MAIDUGURI, Nigeria (Reuters) – Armed bandits in Nigeria’s northwestern state of Katsina killed at least 18 people, including a local official, and stole thousands of livestock on Sunday, two witnesses and a police spokesman told Reuters.
The eyewitnesses said as many as 500 men riding motorcycles, some brandishing assault rifles, charged into the Faskari local government area on Sunday afternoon.
“At least 18 person were confirmed killed by now and many others were suspected to be killed,” local resident Isma’ila Ya’u told Reuters by telephone.
The men went on to the nearby village of Sabon Garin where they killed local leader Abdulhamid Sani, 55, after attempting to kidnap him, the witnesses and a police spokesman said.

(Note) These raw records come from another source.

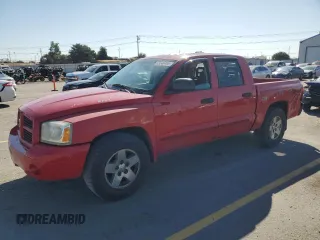 2006 Dodge Dakota SLT with VIN 1D7HW48K86S633119, listed as a Copart auction lot 63246465 with 223,530 mi miles and Salvage title. Bid and sale history available at DreamBid. Image 1.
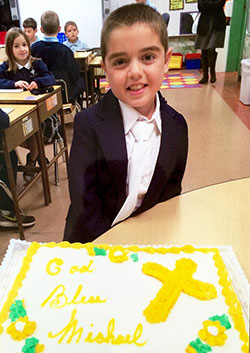 For most of his nine years, Michael Deiter has faced the continuing prognosis that he &ldquo;could die at any time.&rdquo; Here, the third-grade student at Our Lady of Lourdes School in Indianapolis is all smiles shortly after he celebrated a major moment in his spiritual life&mdash;receiving his first Communion. (Submitted photo)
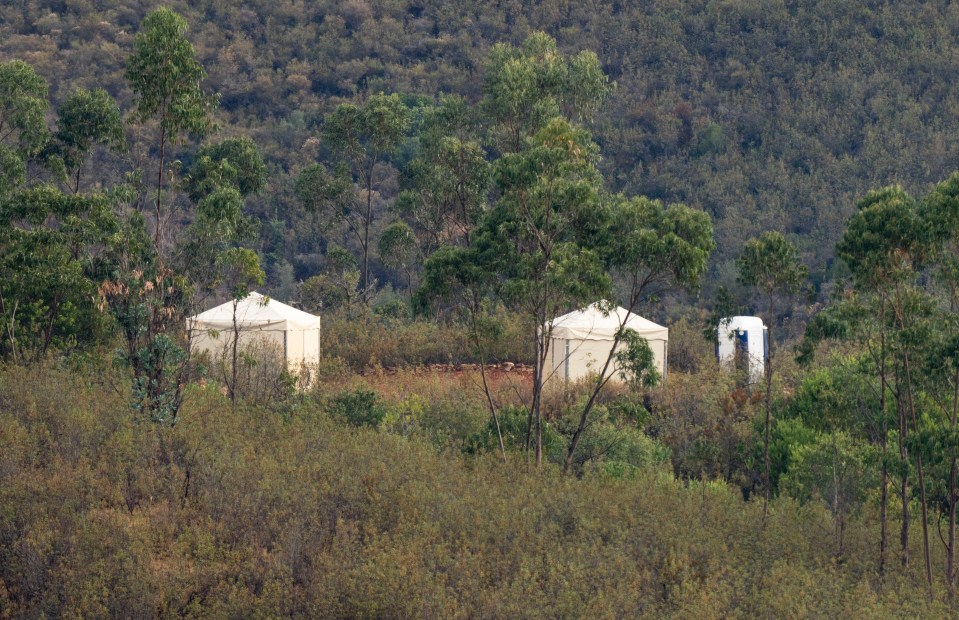 Two white tents have been erected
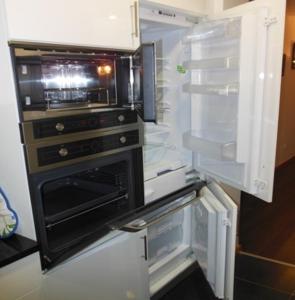 an open refrigerator with an open oven in it at Residence Palmeira II in Beira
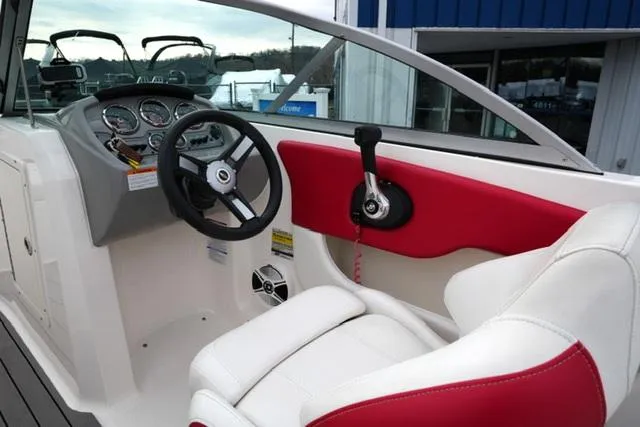 Slide: The Image of 2016 Chaparral H20 19 boat interior with red and white seating, steering wheel, and controls. - 27
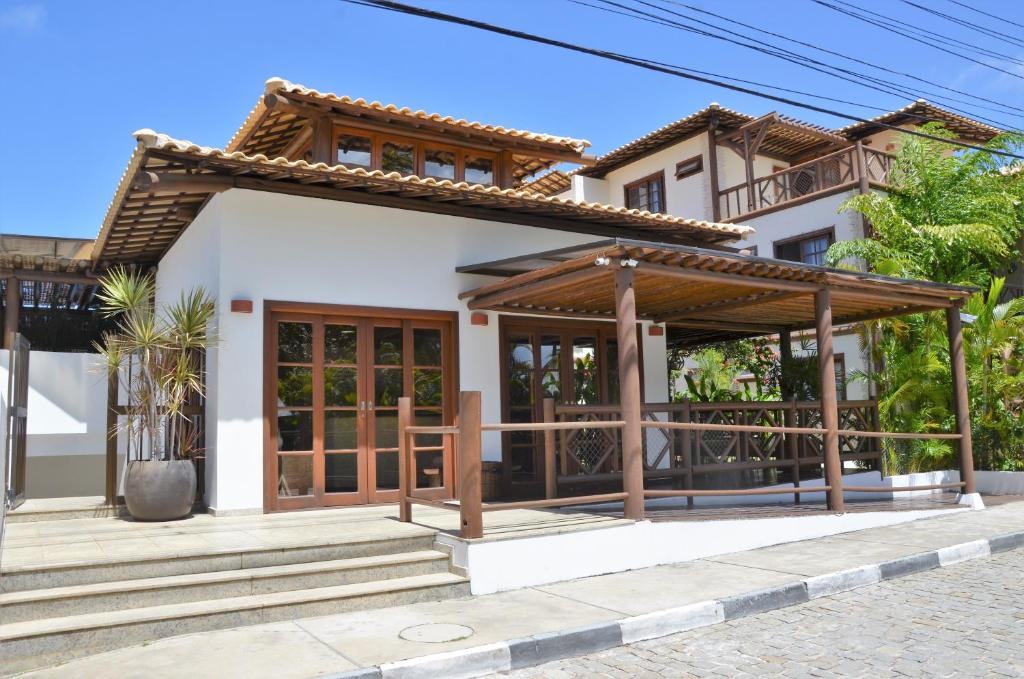 uma villa com um alpendre em frente a uma casa em Praia do Forte Luxuoso Village em Matta de São João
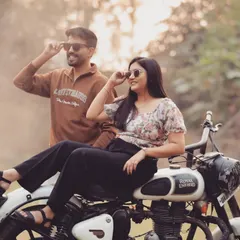 A cool and edgy pre-wedding shot featuring a Royal Enfield bike. This kind of prop adds a lot of personality and makes for a really memorable and stylish couple portrait.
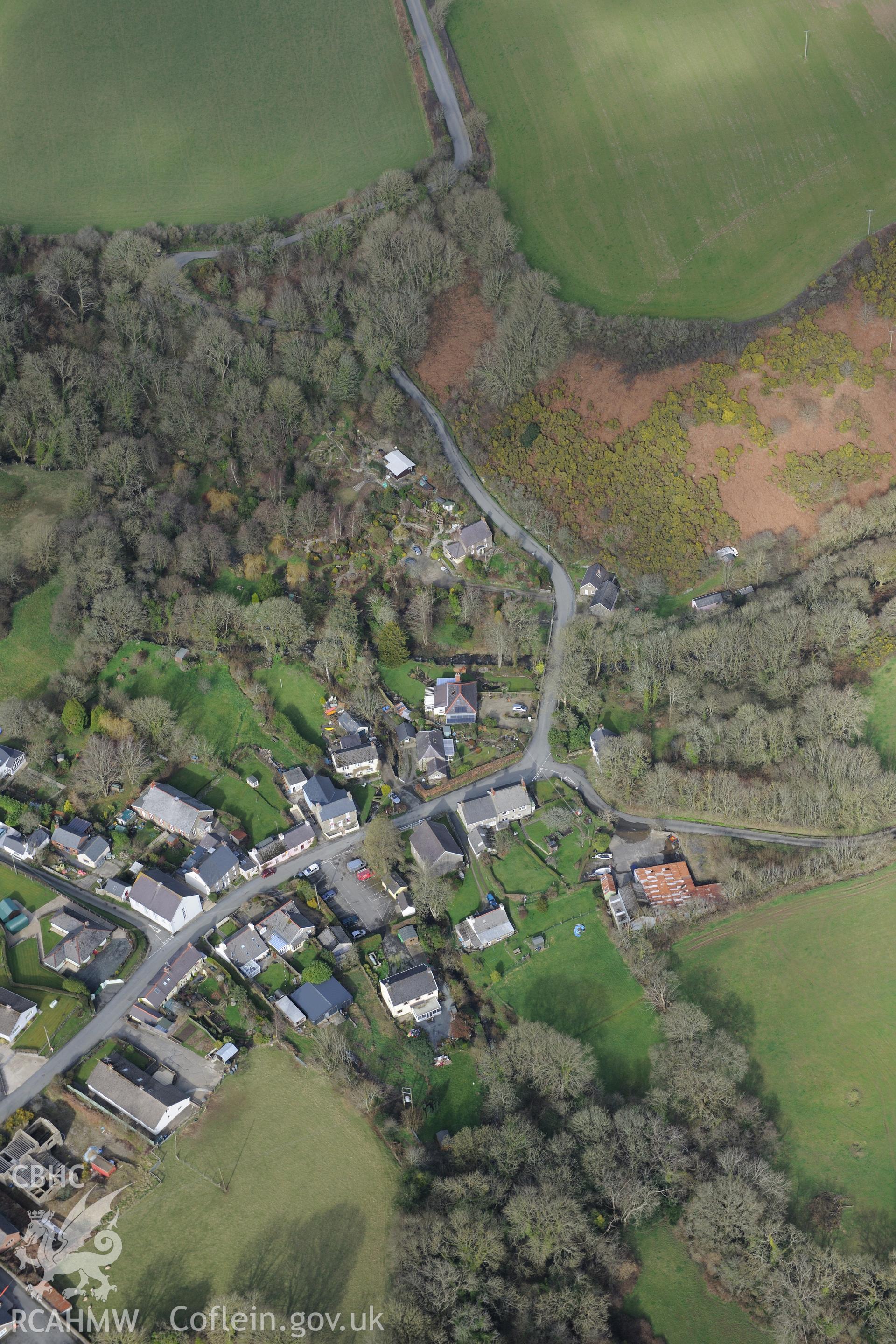 The village of Moylgrove. Oblique aerial photograph taken during the Royal Commission's programme of archaeological aerial reconnaissance by Toby Driver on 13th March 2015.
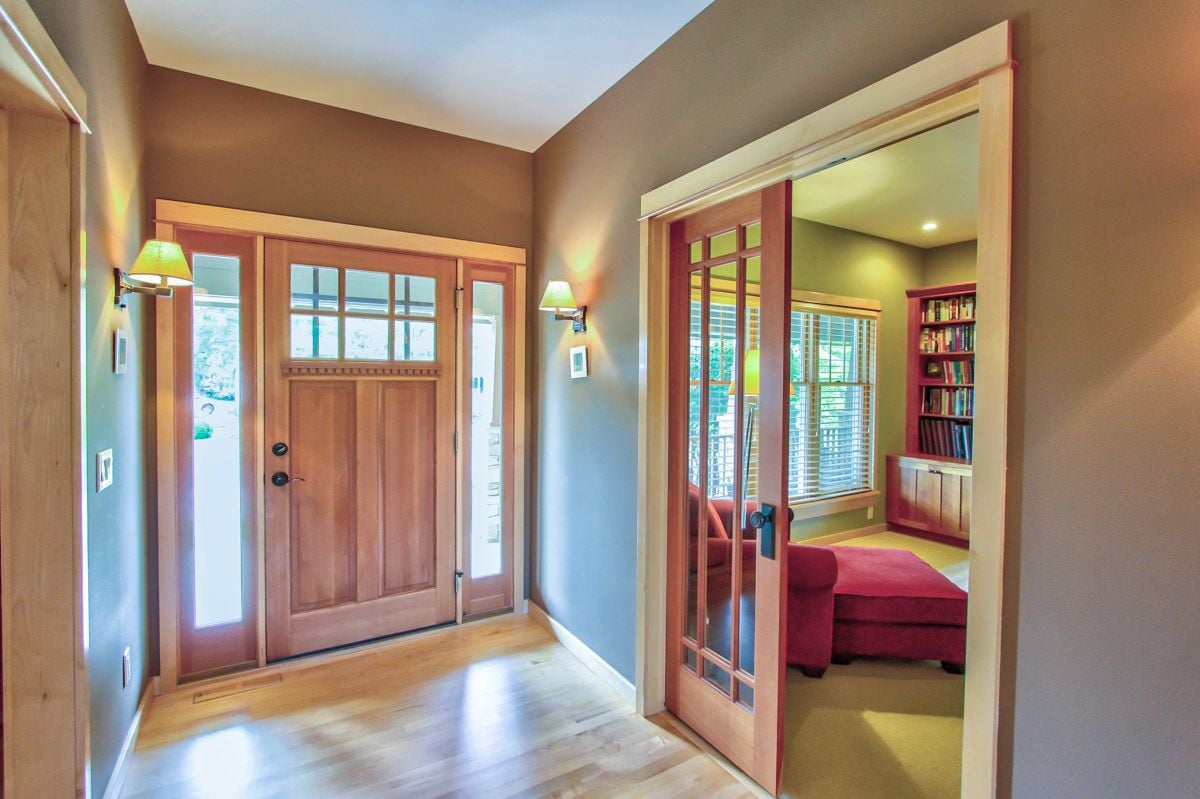 Entry foyer with a paneled wood door and glass-paned doors opening to a red-seated sitting room.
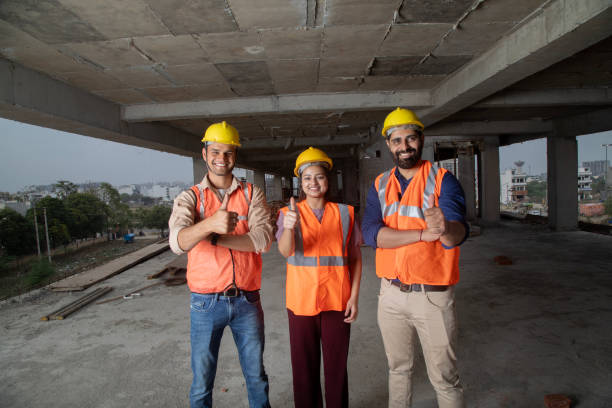 istock Low angle view of confident architects in protective workwear showing thumbs up inside building at site 2126799453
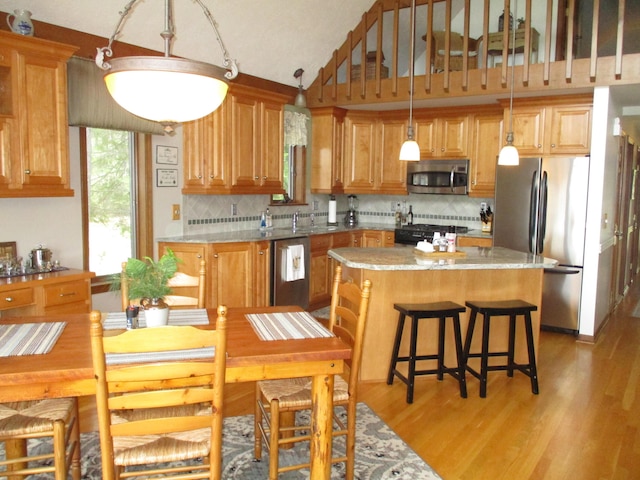5622 Vacationland Dr, Lewiston, MI 49756 - kitchen with stainless steel appliances, a sink, light wood finished floors, a center island, and backsplash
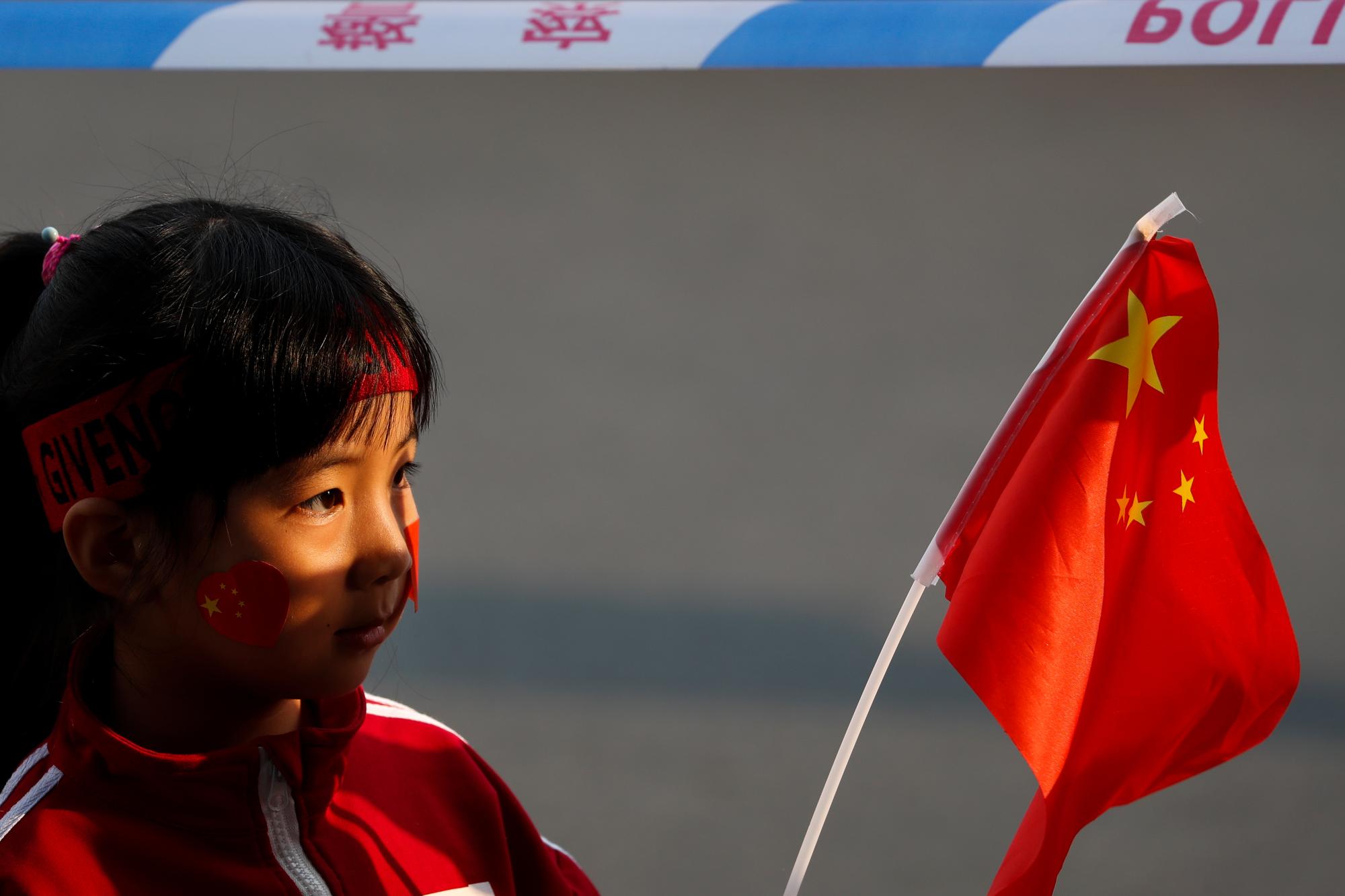 Un niño ondea una bandera nacional detrás de una línea de barricada policial mientras los residentes miran vehículos y flotadores militares chinos en preparación para el desfile por el 70 aniversario de la fundación de la República Popular de China, en Beijing, el martes 1 de octubre de 2019.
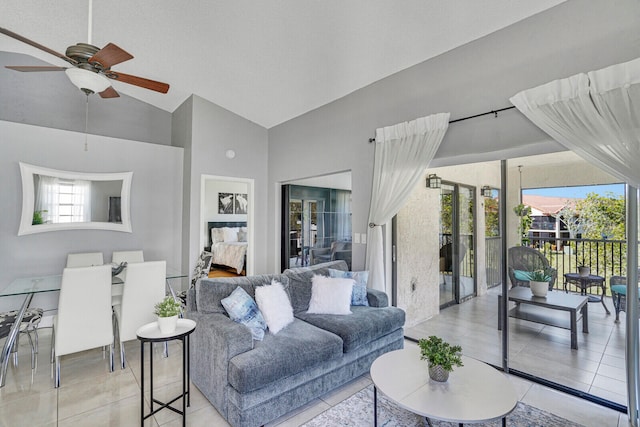 tiled living room featuring high vaulted ceiling and ceiling fan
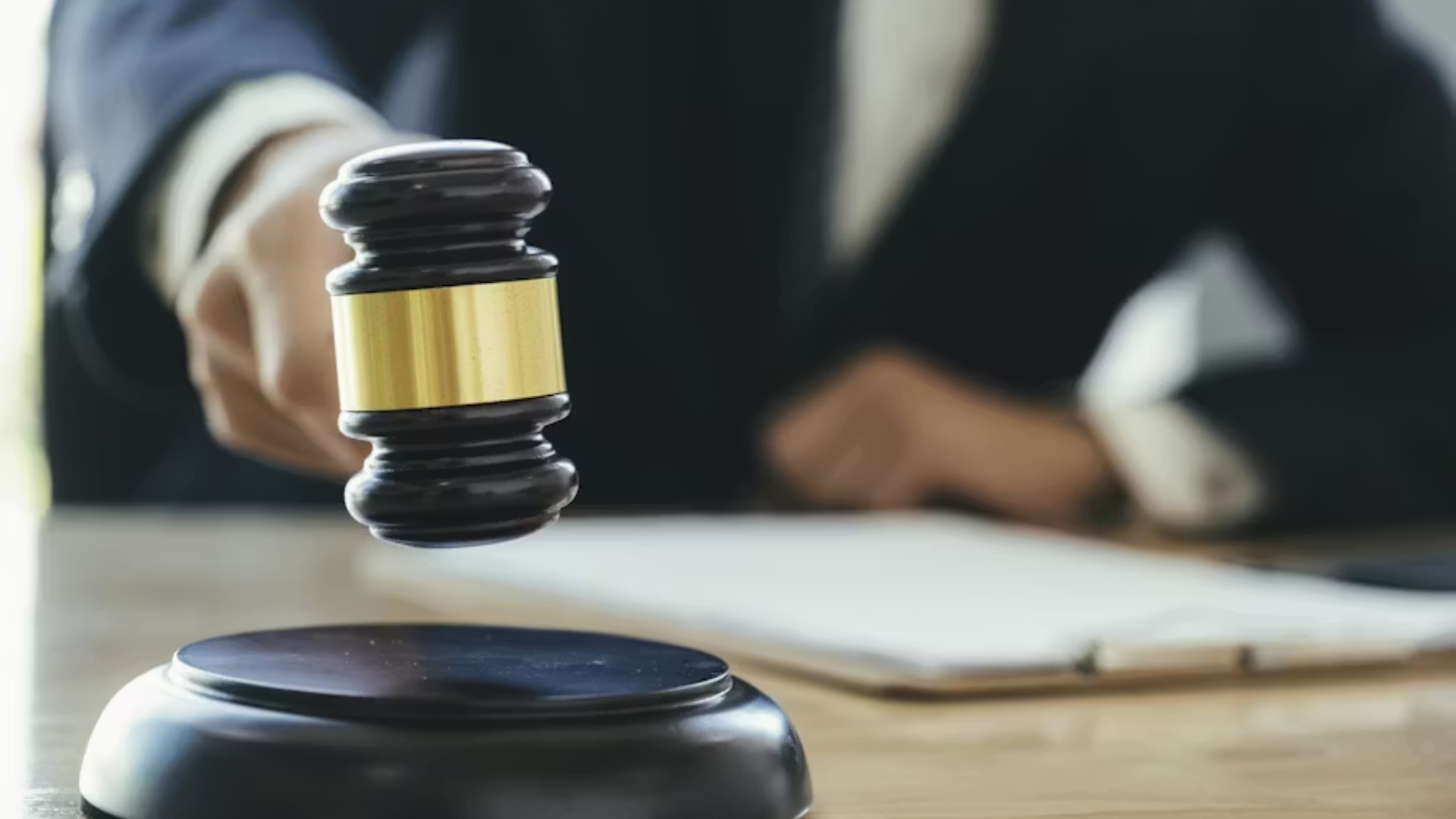 Judge’s gavel striking a sound block during a legal proceeding.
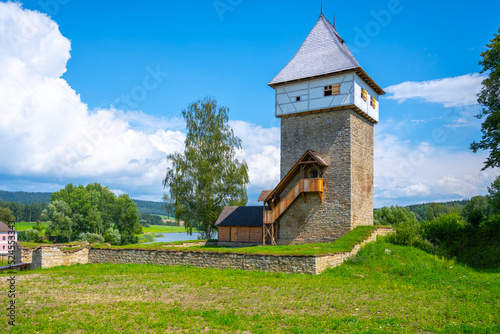 Medieval Gothic Fortress with renovated tower photo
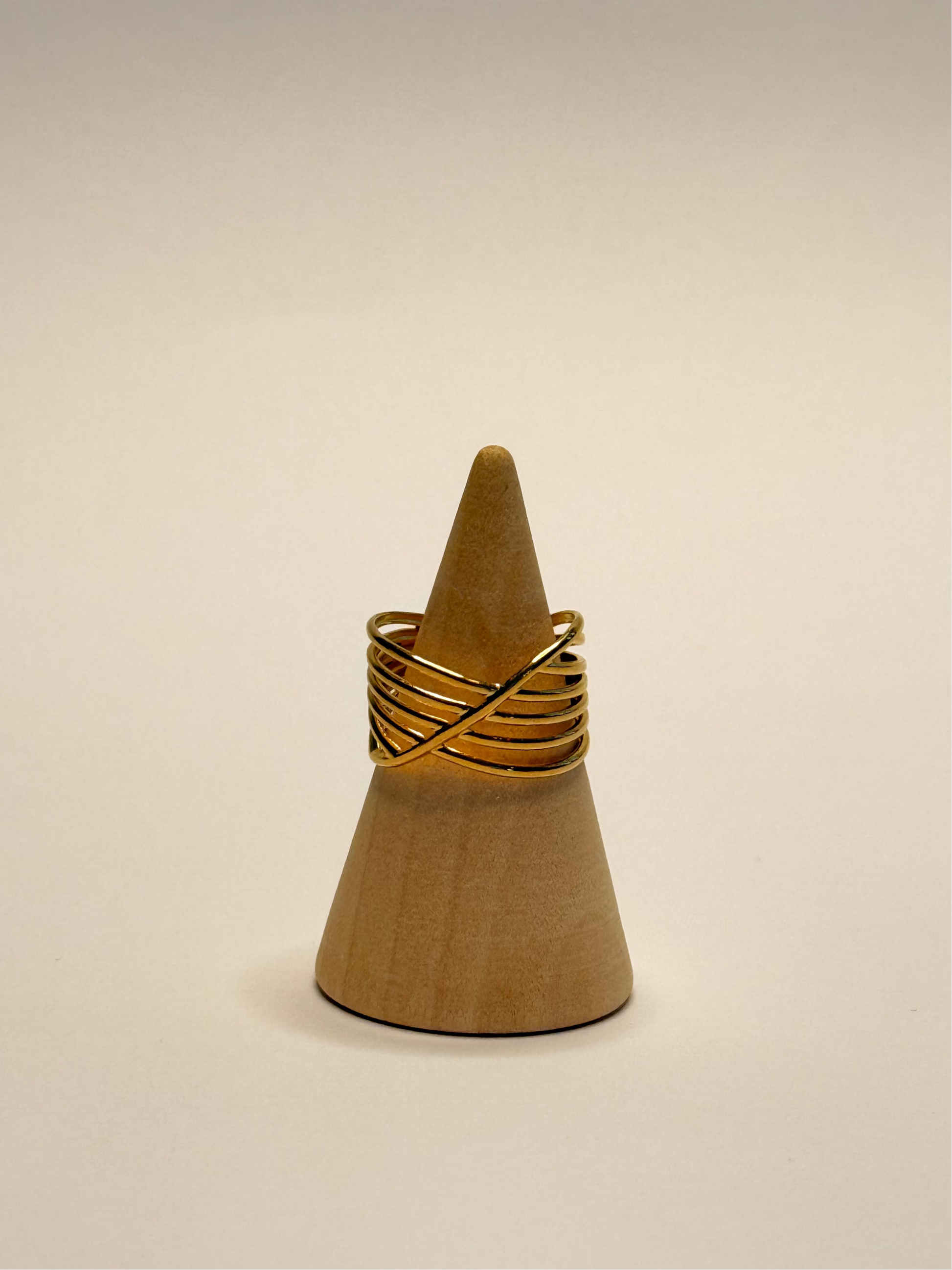 Wooden cone with a gold ring on a beige background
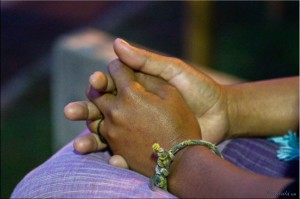 Close-up: folded hands in lap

Sadiq Hasaan, another witness, said the men were headed with the stolen livestock towards other villages in the Batsari local government area, and thousands of residents had fled their homes.
Police spokesman Gombo Isa confirmed the attack, adding the assailants carried “sophisticated weapons”. He said security forces were “combing the forest with a view to arresting the hoodlums.”
Criminal gangs carrying out robberies and kidnappings have killed hundreds in the last year in northwest Nigeria.
The attacks have added to security challenges in Africa’s most populous country, which is already struggling to contain Islamist insurgencies in the northeast and communal violence over grazing rights in central states.